Following the terrorist attacks in Paris in November and in Brussels in March, the business world—in search of the financial fallout—swiveled its collective head to the aviation and hotel sectors, where the cities’ immediate shutdown and fears of follow-up incidents moved the market.
But as they report their results this earnings season—some five months after the Paris attacks—luxury companies are reminding investors that they too got snagged in the aftermath.
In reporting its worst annual results in years, Prada (PRDSF)—whose profits fell a whopping 27%—said that its tourism-driven organic growth in Europe had slowed in the fourth quarter of 2015 “due to terrorists attacks in France.” Its sales in the region increased 6% from just under €1 billion ($1.1 billion) in 2014 to €1.05 billion ($1.2 billion) in 2015.
Likewise, when Louis Vuitton parent LVMH (LVMHF) reported its first quarter earnings on Monday, it hinted that the terrorist attacks played a role it its lackluster results. The luxury behemoth, which also owns champagne brand Moët & Chandon and cognac label Hennessy, saw like-for-like sales for the three months through March rise 3%—well below analyst expectations of a 4.1% gain. Its biggest division—fashion and leather goods—reported no growth in sales, missing forecasts of a 2.5% increase. In assessing its geographic markets, LVMH classified the U.S. as “strong,” Asia as “varied,” and Japan as showing progress. Europe, meanwhile, is “well oriented except for France which is affected by a fall in tourism.”
When retailers report disappointing sales, they’re quick to point fingers at outside forces rather than internal missteps like ill-fitting clothes or a trend they overlooked. This past holiday season stores blamed unseasonably warm winter weather for poor sales. In December, tracking firm Panalytics found that sales of winter items like women’s boots and hats and gloves were down considerably, so the balmy temps were, in some instances, a legitimate excuse. And that’s the case with the terrorism in Europe too.
“This is a genuine driver of lower tourist traffic and spend in Europe in [the first quarter of 2016],” Luca Solca, managing director of luxury goods at Exane BNP Paribas told Fortune in an email. The prices of high-end goods in Europe are most compelling for overseas tourists, he said, so “postponing travel to Europe may mean they postpone their luxury spend too.”
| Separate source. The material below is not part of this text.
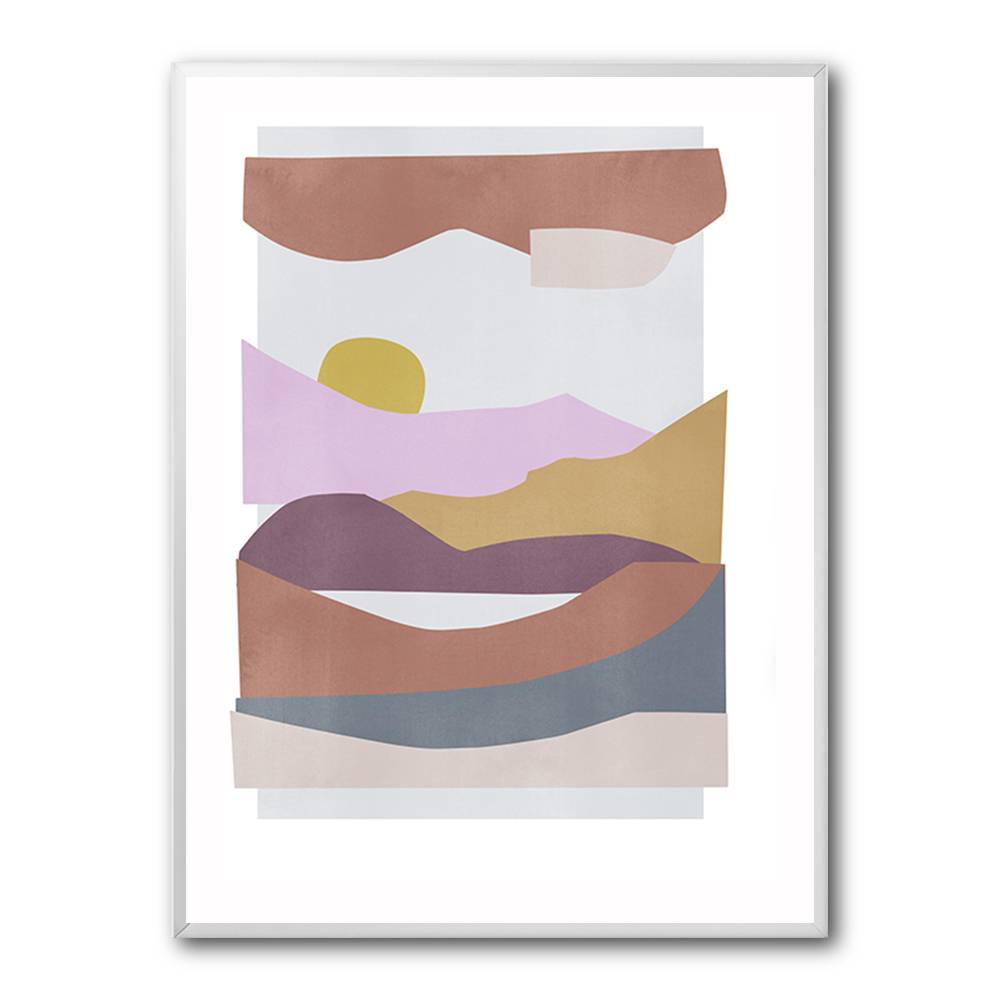 Abstract Shapes 8 Wall Art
And the terrorist attacks in Paris did, of course, dramatically disrupt travel to the continent. From November 14, the day after the Paris attacks, through February 26, international arrivals in Europe dropped 2%, according to FowardKeys, a travel data firm. It was the only region worldwide to see a decline. Paris and Brussels, which was on lockdown after the Paris attacks as well, reported particularly sharp drop-offs as international visitors dropped 12% and 9%, respectively, in that same November through February time frame the year before. After the blasts in Brussels on March 22, net bookings to the city dropped 136% from the year prior, largely due to the closure of the airport.
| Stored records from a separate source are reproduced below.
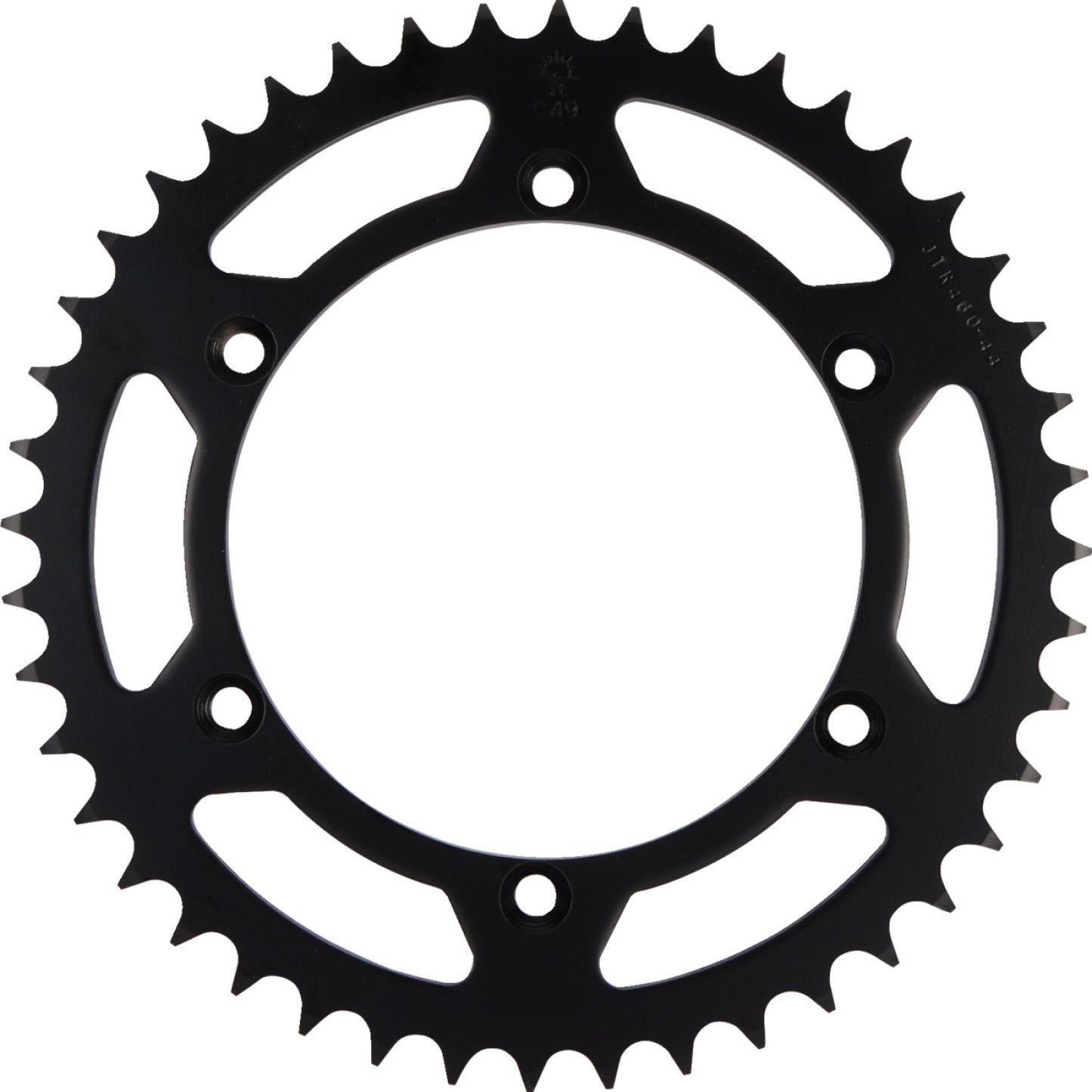 JT SPROCKETS Rear Sprocket - 44 Tooth - Kawasaki JTR460.44 by JT Rear Sprockets Steel Type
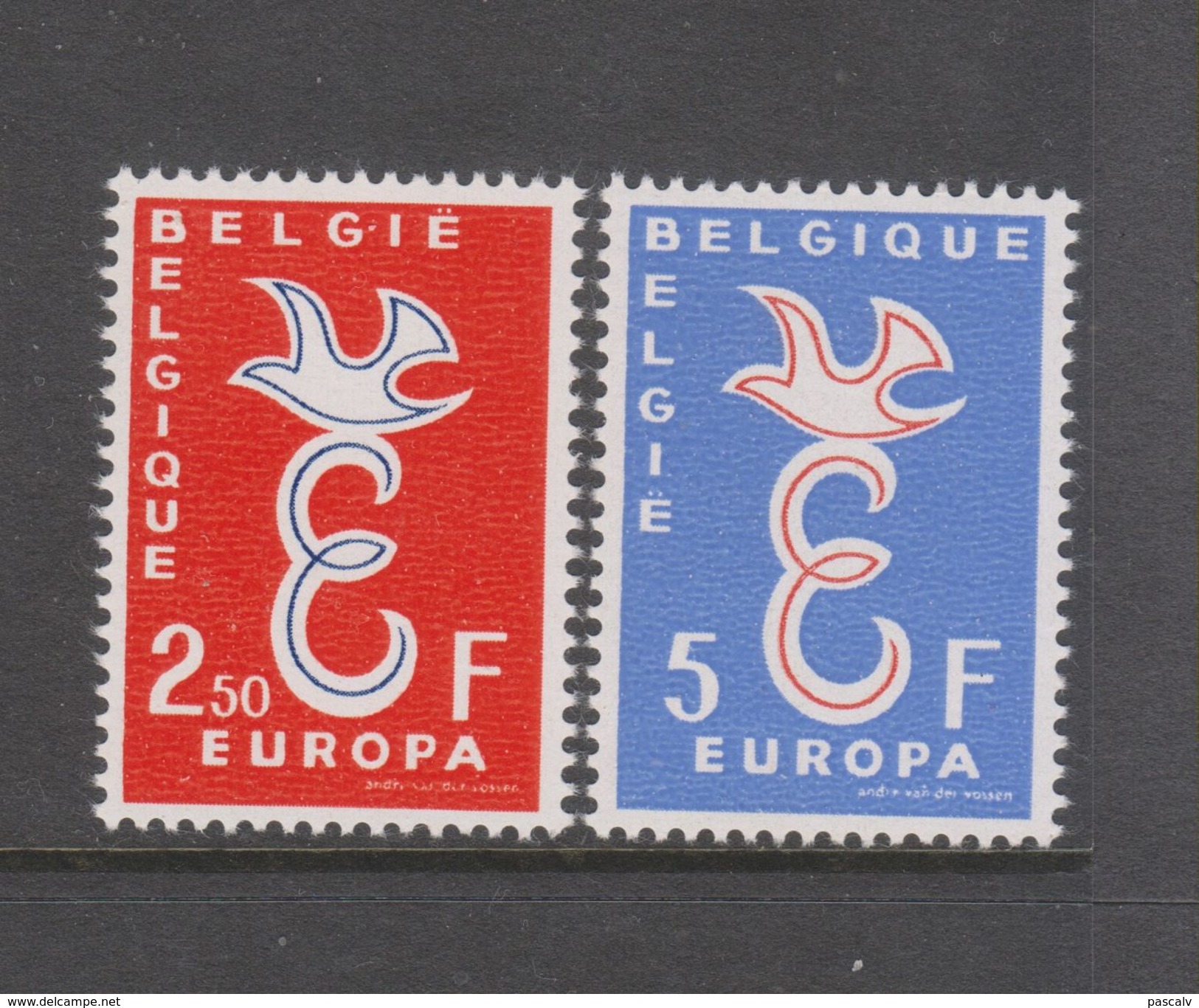 COB 1064 / 1065 ** Neuf Sans Charnière MNH Cote 10 Euro - Ungebraucht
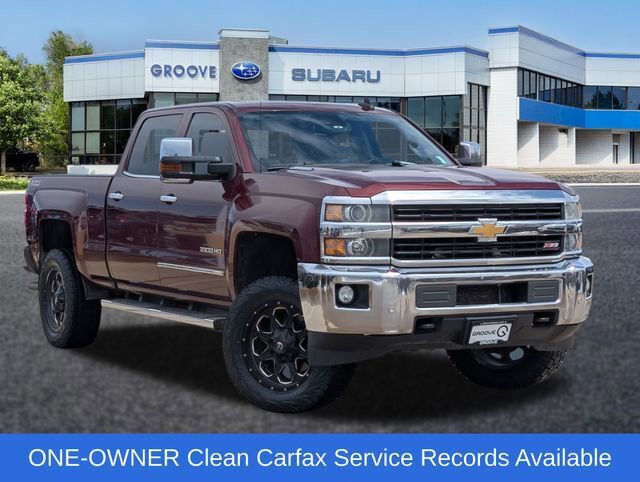 Used 2016 Chevrolet Silverado 3500 LTZ w/ Duramax Plus Package AWD/4WD image 1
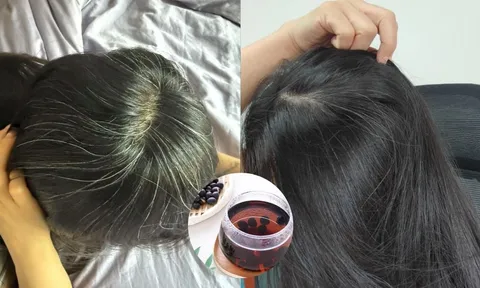 Cách uống nước đậu đen ngăn tóc bạc sớm, U50 tóc vẫn đen bóng, mượt mà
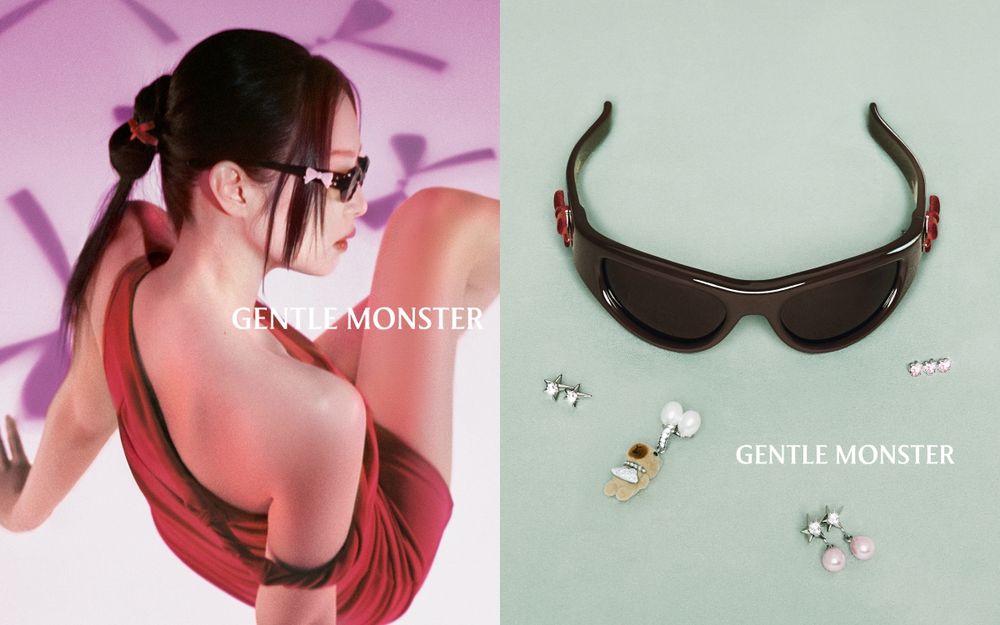 Jennie聯名Gentle Monster墨鏡眼鏡、小水豚價格公開！這天開賣準備結帳！-1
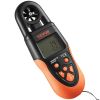 VEVOR Bluetooth Handheld Anemometer, 14¬∞F -140¬∞F , Digital Wind Speed Meter Gauge with LED Backlight Screen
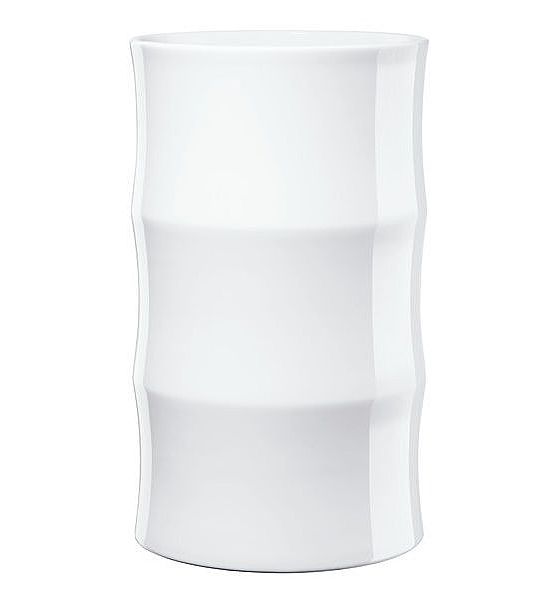Váza Asa Selection BAMBOO, bílá, 36x21 cm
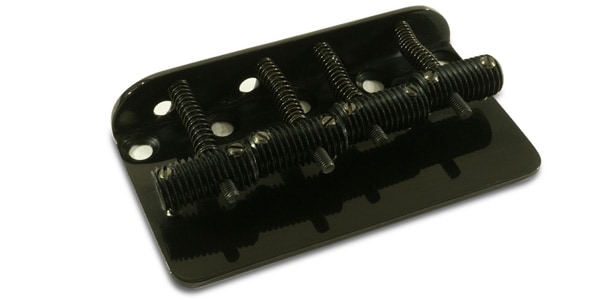 WD Music Products / WD105B Vintage 4 String Bass Bridge Black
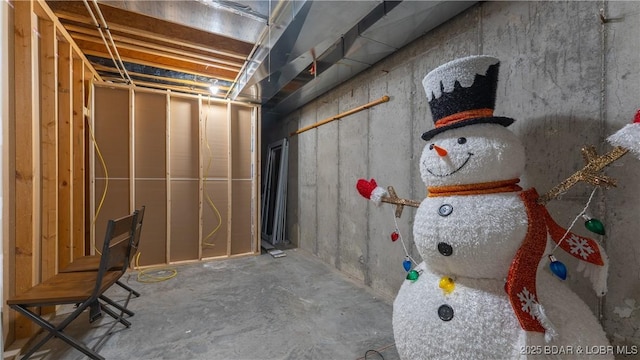 15 Knox Point Cir, Lake Ozark, MO 65049 - view of unfinished basement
Luckily for luxury good makers—and economies as a whole—tourism bounces back relatively quickly after terrorist attacks. A study from the World Travel and Tourism Council published in late November, found that it takes tourism 13 months to fully recover from a terrorist attack—shorter than the comebacks that must be staged after a disease outbreak (21 months), an environmental disaster (24 months), and political unrest (27 months.)
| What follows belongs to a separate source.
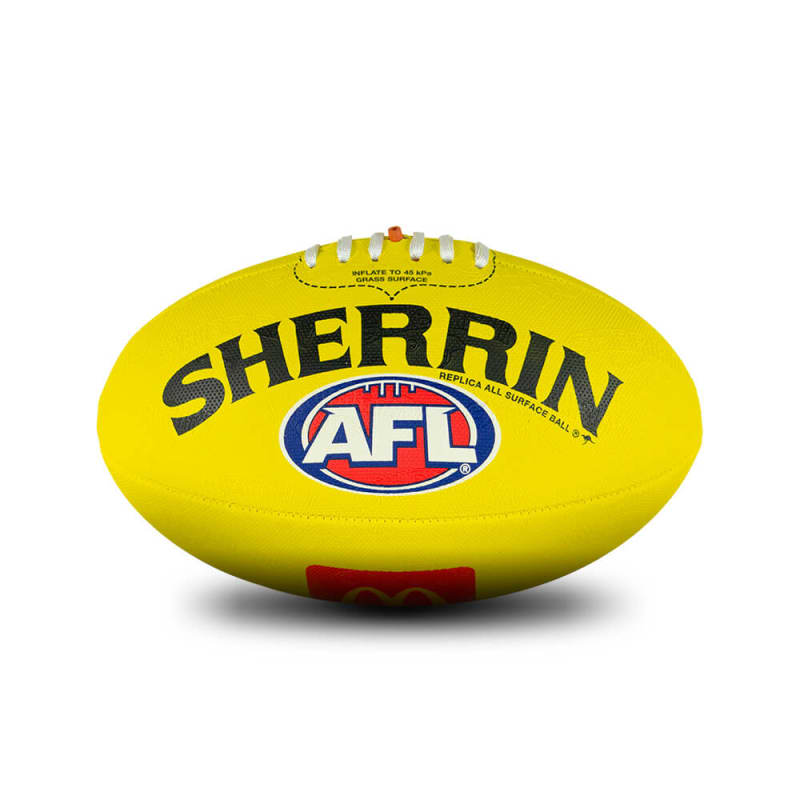 AFL Replica All Surface - Yellow - Size 2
Solca sees the recent dip in tourism and its subsequent fallout in the luxury sector as “a temporary dent,” one that will fade “provided, of course, European authorities manage to reestablish a high level of security across the continent.”
That’s a big caveat and even if it’s met, there’s no guarantee companies like Prada and LVMH will right their ships. On top of that, the Chinese government’s campaign against luxury spending and that nation’s faltering economy will also be a big weight on high-end sales.